Confira abaixo a entrevista concedida por Jean Wyllys ao Guia da Semana. Ele fala sobre os avanços nas leis brasileiras em prol dos direitos dos homossexuais e sobre a relevância de eventos como a Parada Gay, que constitui uma importante ferramenta política para os LGBT.

Na sua opinião, qual a representação social e política da Parada Gay e do Mês do Orgulho LGBT? De que forma esses eventos contribuem com a luta pelos direitos dos LGBT no Brasil?
A Parada do Orgulho LGBT é, sem dúvida, um grande evento político de celebração, de visibilidade e de luta pela conquista da cidadania plena de lésbicas, gays, bissexuais e pessoas trans.
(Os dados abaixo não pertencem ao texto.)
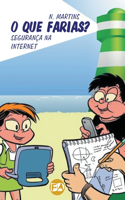 O Que Farias? - Seguranca na Internet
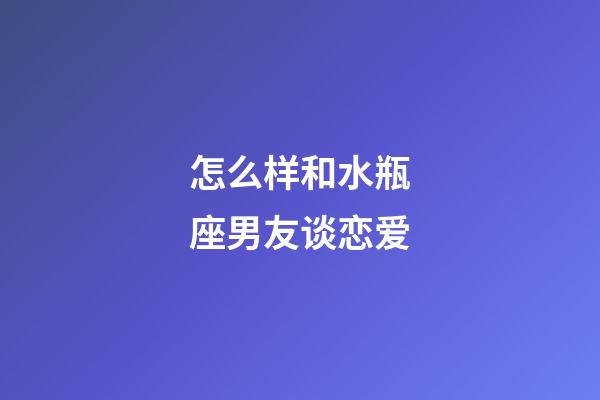 怎么样和水瓶座男友谈恋爱-第1张-星座运势-玄机派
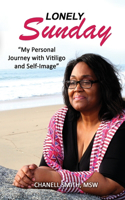 Lonely Sunday: My Personal Journey with Vitiligo and Self-Image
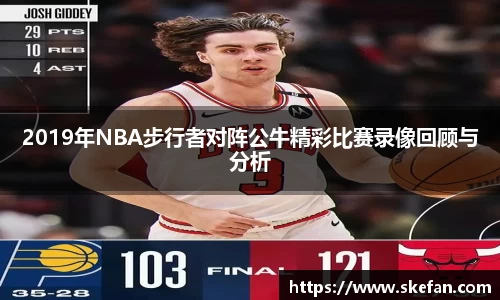 2019年NBA步行者对阵公牛精彩比赛录像回顾与分析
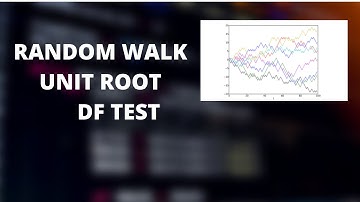 RANDOM WALK, UNIT ROOT AND DICKY FULLER TEST || TIME SERIES || MACHINE LEARNING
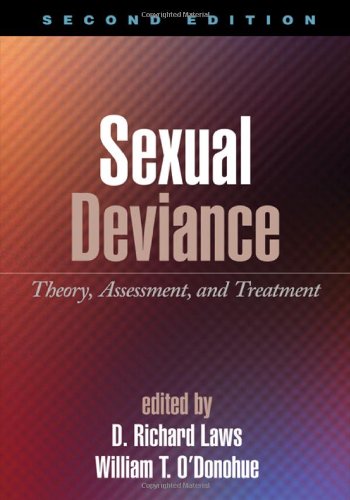 Sexual Deviance Second Edition Theory Assessment And Treatment Second Edition D Richard Laws Phd
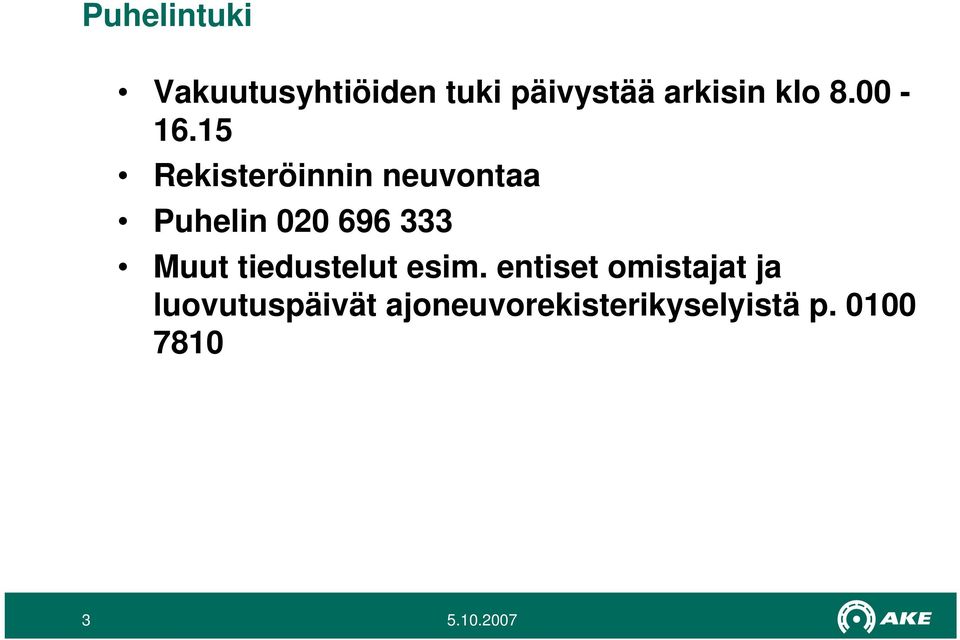 15 Rekisteröinnin neuvontaa Puhelin 020 696 333 Muut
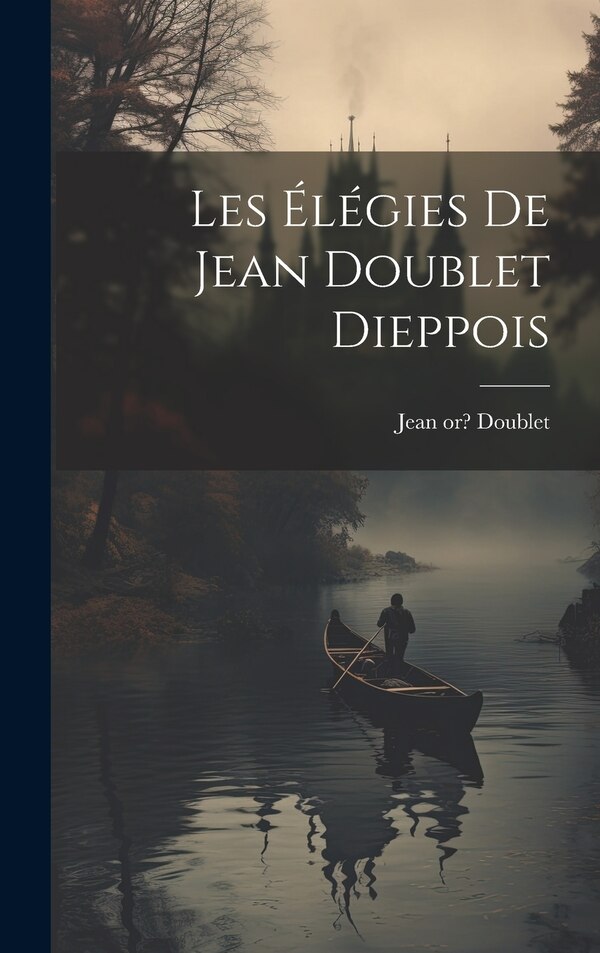 Les élégies de Jean Doublet Dieppois by Jean 1528 Or 9-1582 Doublet, Hardcover | Indigo Chapters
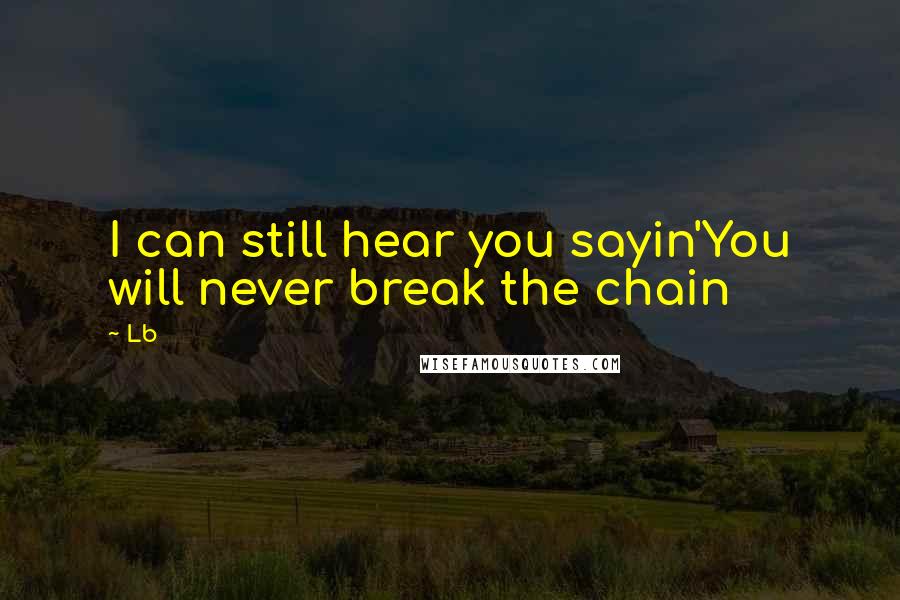 Lb Quotes: I can still hear you sayin'You will never break the chain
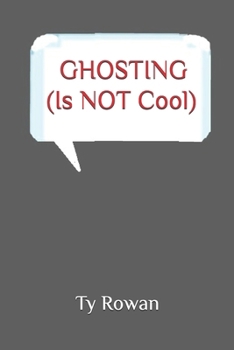 Paperback GHOSTING (Is NOT Cool) Book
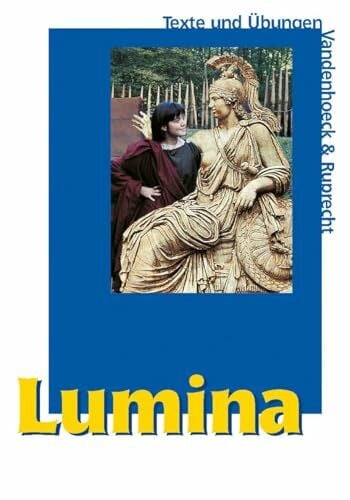Schlüter, Helmut Lumina, Texte und Übungen: Unterrichtswerk für Latein als 2. Fremdsprache / Text- und Übungsband mit Vokabelheft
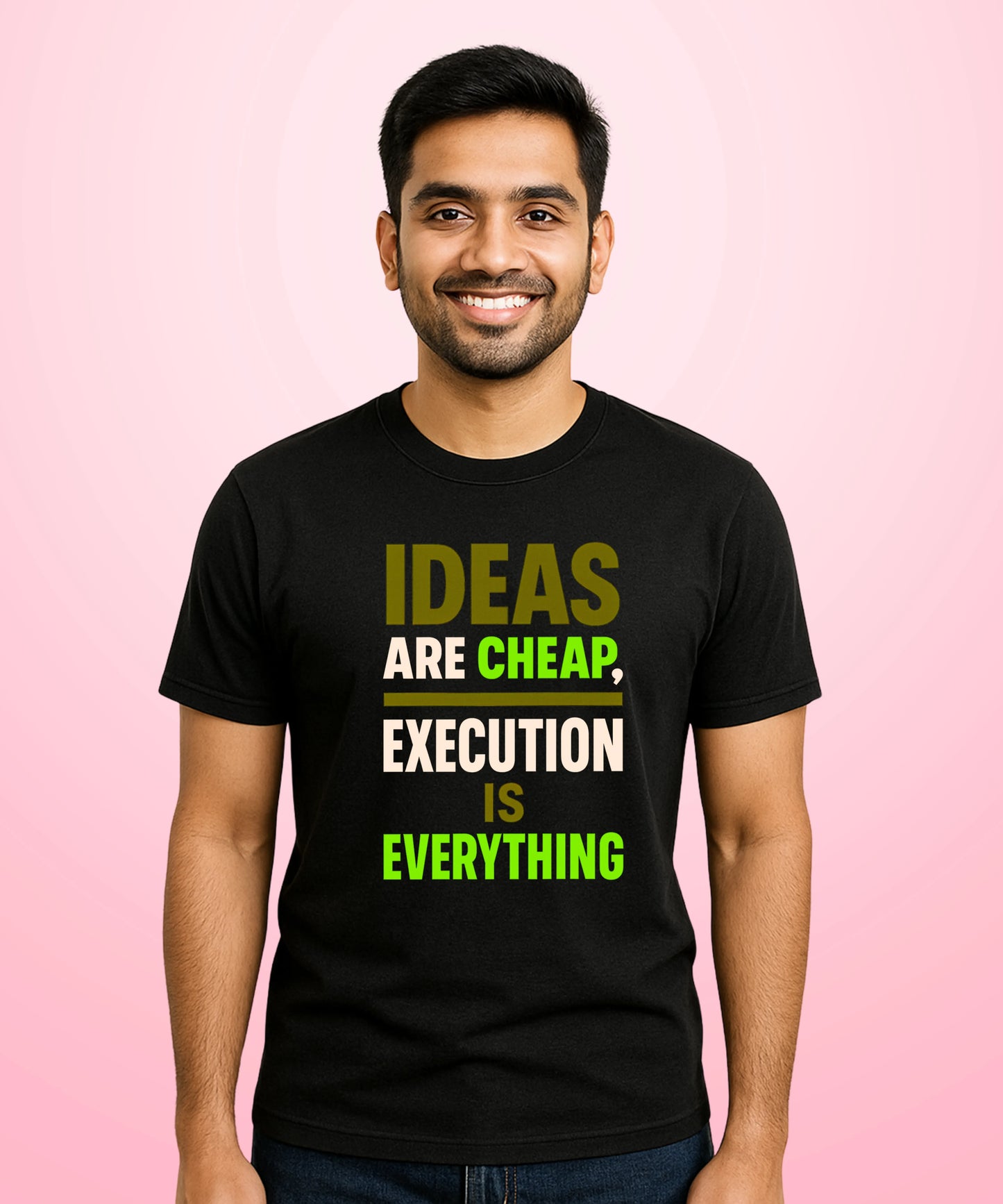 Ideas Are Cheap, Execution Is Everything Black T-Shirt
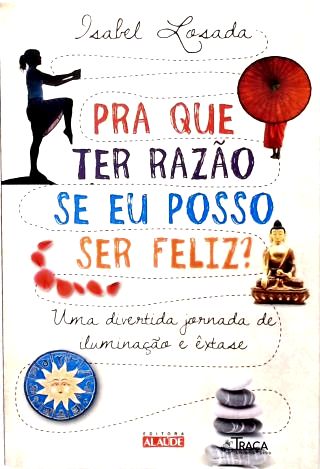 Pra Que Ter Razão Se Eu Posso Ser Feliz?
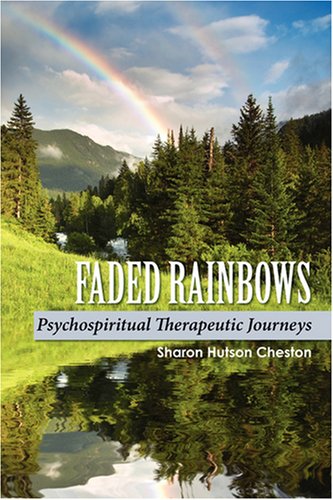 Faded Rainbos Psychospiritual Therapeutic Journeys [Paperback]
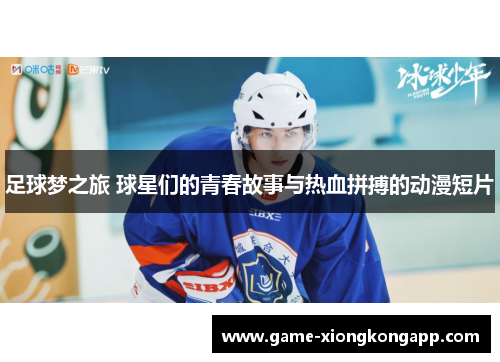 足球梦之旅 球星们的青春故事与热血拼搏的动漫短片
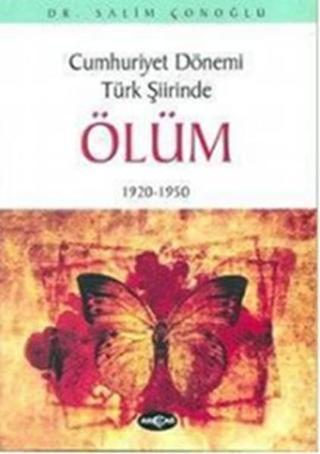 Cumhuriyet Dönemi Türk Şiirinde Ölüm1920 - 1950 - Salim Çonoğlu - Akçağ Yayınları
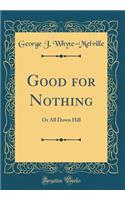 Good for Nothing: Or All Down Hill (Classic Reprint): Or All Down Hill (Classic Reprint)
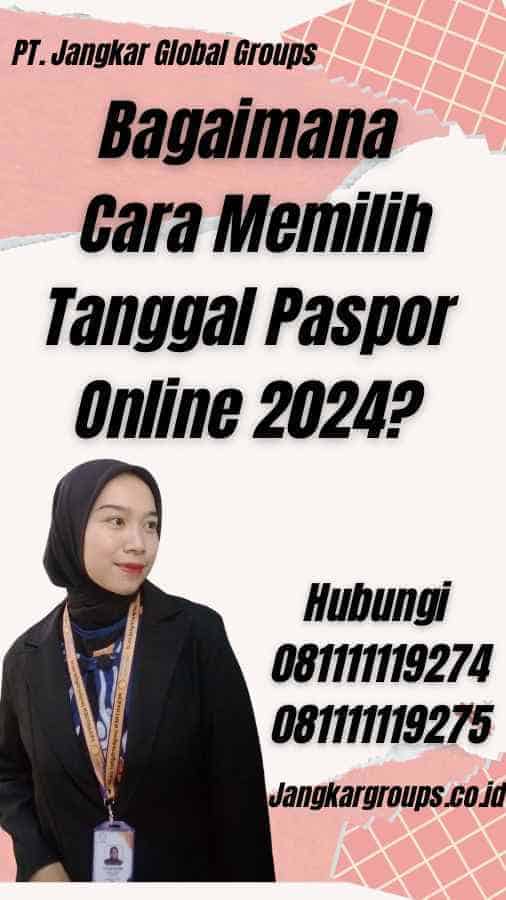 Bagaimana Cara Memilih Tanggal Paspor Online 2024?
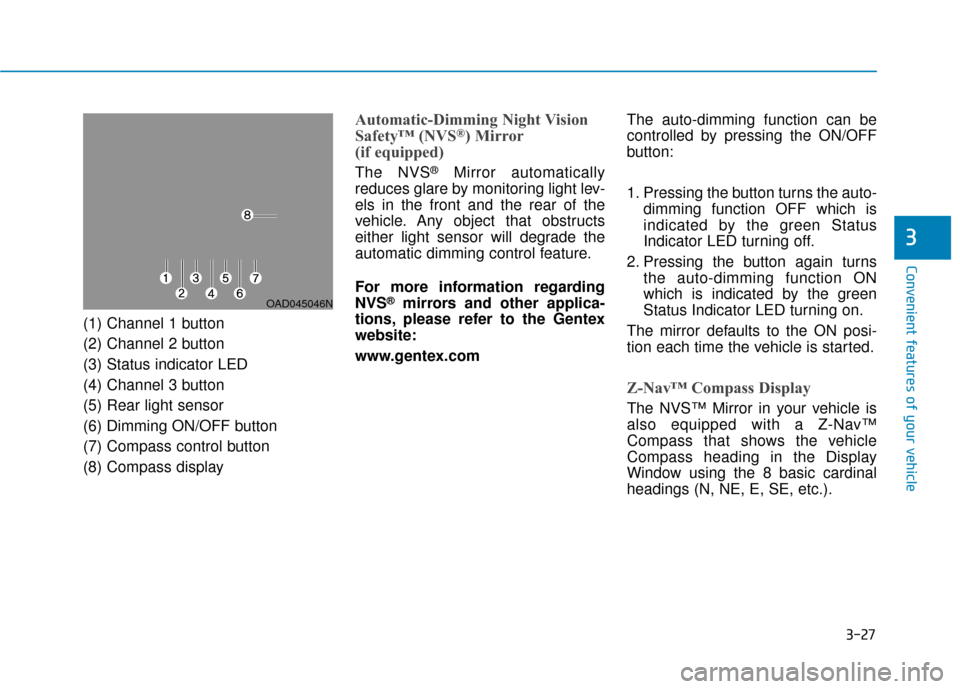 Hyundai Ioniq Electric 2018  Owners Manual 3-27
Convenient features of your vehicle
3
(1) Channel 1 button
(2) Channel 2 button
(3) Status indicator LED
(4) Channel 3 button
(5) Rear light sensor
(6) Dimming ON/OFF button
(7) Compass control b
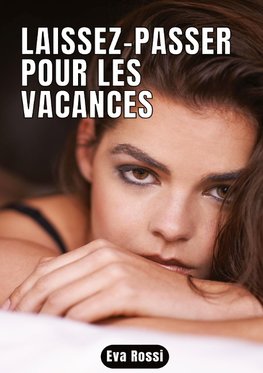 Laissez-passer pour les vacances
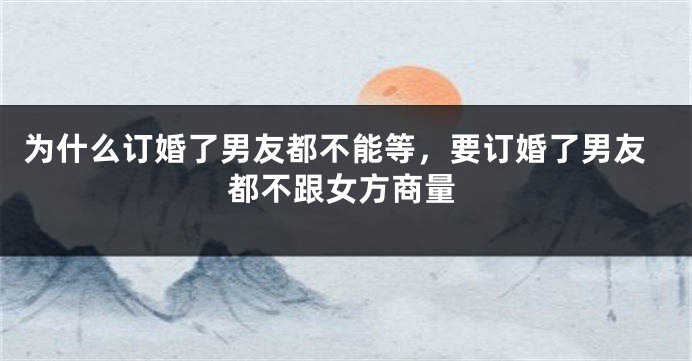 为什么订婚了男友都不能等，要订婚了男友都不跟女方商量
Durante a Parada, mostramos que somos todos parte de um mesmo povo, uma mesma nação, que deveríamos ter os mesmos direitos de qualquer cidadão, mas que somos lesados em parte deles. Durante a Parada, não deixamos que passe despercebido o tanto de discriminação, ódio, preconceito e intolerância que sofremos. Caminhando pelas ruas, a céu aberto, colocamos como pauta discussão pública questões relativas a orientações sexuais e identidades de gênero e isso se constitui em ato político dos mais importantes. E, assim, ampliamos a consciência social e política dos participantes diretos e indiretos da Parada.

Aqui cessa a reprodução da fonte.